Having captured all the raw and subsidiary experimental and derived analyses data files, the REPORT process (#4) allows a formal description of the experimental process and relevant data captured from the datasets, for each different experimental analysis performed as part of a scientific study. The description of each experiment process and its relevant data is then combined with a report template (e.g. for a journal submission) to produce a written summary and exposition of the experimental procedure, analysis and conclusions. This report contains statistics, tables and graphs which are automatically generated from the repository's datasets and explicitly stored as RDF triples in the report. The storage of relationships between data files in a repository as RDF triples offers a scalable solution to the issue of storing vast amounts of experimental data. This has been demonstrated by the operation of the CombeChem triple store, which currently contains 60,000 triples and is rising daily with little sign of scalability issues. The resulting report provides a summary of the pertinent data collected from each experiment and not only allows seamless access to ALL the underlying primary and subsidiary data but also enables the researcher to compare and contrast results from the different, but related, experiments. The report is deposited in the Institutional Repository in the normal manner and may be referenced to, submitted for publication or included in a journal article as appropriate.

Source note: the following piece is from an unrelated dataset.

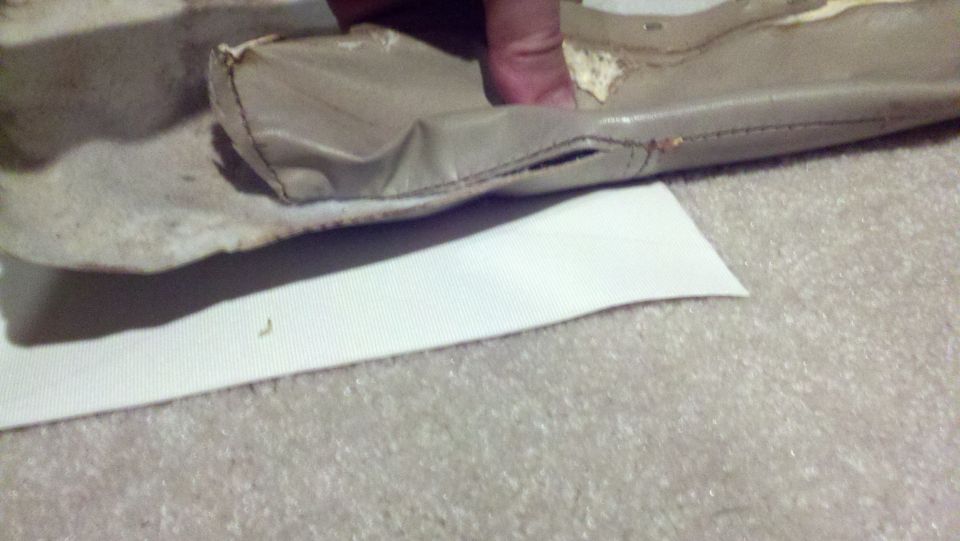 Torn beige upholstery with visible stitching and foam, resting on a white surface over carpet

As part of the REPORT process, a standard mechanism must be developed (or adopted) for referring to (i.e. addressing) data items (or collections of data) within a data file inside a data set. Also, a convention must be established for data citation, to allow experimental writeups to explicitly acknowledge the experimental data on which they are built. This is particularly crucial for multi-site collaborations, or for meta-analyses of existing results. Building on this, a data citation service would be established which can track and report the use of experimental data, to establish data value and measures of merit and experimental quality in a way that is analogous to publication quality. In addition the citation tool could be developed to reference inaccurate, outdated, inferior or related datasets or instances in the published literature or public domain. This will be achieved by adapting the Citebase citation analysis service.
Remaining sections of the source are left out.